Having submitted the “plan” to the bank, and with a feeling of confidence that – as this is a “tax-payer” scheme, surely there will be protections by politicians, including the Labour party that he has always voted for, along with his family – but there were delays to funding??
Having secured and paid rent on the premises, and used his own small funds to start shop-fitting he was told that his funding would take 4-weeks… instead “it took 5-MONTHS!!!”
The bank business manager resigned his post, and his politicians, the Chair of the Parliamentary Small Business Group said “I know about all these problems with the scheme”. But, instead of fighting the political POLICY, and doing so via the news media and in political chambers…. he did so in a way that secured the fate of this young man.
Apparently the governments own report highlighted that there POLICY was failings people.
This Young man.. Fought.. and fought… and fought.
This Young man, because of his FIGHT…. LOST EVERYTHING he worked hard to Build…. including his HOME, savings he worked hard to build… and his viable business.
The Labour politicians, including MPs he spoke to… did nothing to FIGHT for him.
*NONE of the news media organisations (even TAX-PAYER funded) wanted to confront his STORY…
I know that he took an OVERDOSE a few years ago – as he struggled, through a recession (like most) to get back on his feet… even though he did what politicians would advise…
Having kept in contact with him, I know he continues to FIGHT… even after so much.
What these Politicians DO NOT know… is that this same individual who achieved so much. worked hard… even was successful at developing a plan that was commended by banks via a government scheme… He achieved this against ALL odds… as he stems from a Vulnerable background.
Isn’t the Labour part MPs… politicians meant to FIGHT for such individual – skilled and talented.. who they have decided to leave from any support… and left to FAIL?
ISN’T THIS AN EXAMPLE OF A CASE TO BE ARGUED?
I am now wondering whether this STORY will be told on PROGRESS ONLINE… and, if so, will there be communication…. or just simply another reason to IGNORE this appalling story or ones life that has been failed in such a collectively, appalling way.
FINALLY, I know this individual is still fighting for a FULFILLING role – even though he is so skilled. I know he has been FAILED so many times that his confidence, understandably, get knocked again… and again.
I WANT THIS PERSONS VOICE TO BE HEARD, AND PROGRESS TO HELP HIM TO ACHIEVE HIS GOAL!!

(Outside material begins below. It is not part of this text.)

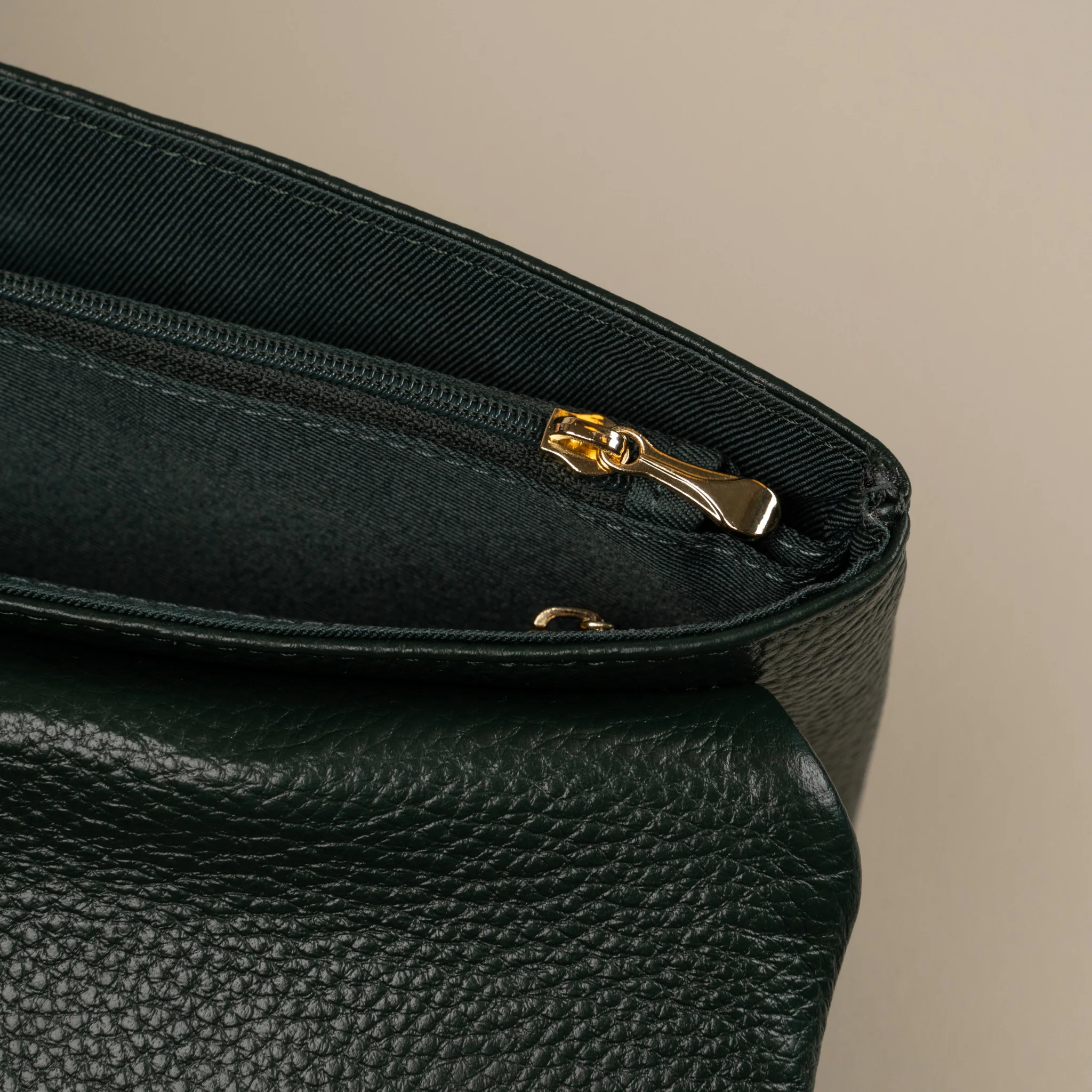 Veske Skinn Luca Green - Image 7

If you’re going to walk into a meeting packed with Corbynistas, the only way to argue your case is by physical force, or at least the threat of it, so make sure you can use your fists and you go surrounded with some serious muscle, because you’ll need it. I saw the Corbyn-type mob in action in London in the late 1970s and early 80s. Intimidating opponents into silence was bread and butter to those thugs.
What planet are you living on? ‘Corbyn type mob’.. There is no Corbyn type mob, time to stop reliving your younger years and realise this is 2015 and the only ‘mob’ is one intent on social justice, fairer distribution of income, stopping the marketisation of public services. This attempt to pretend the militant tendency are somehow reborn is absolutely laughable.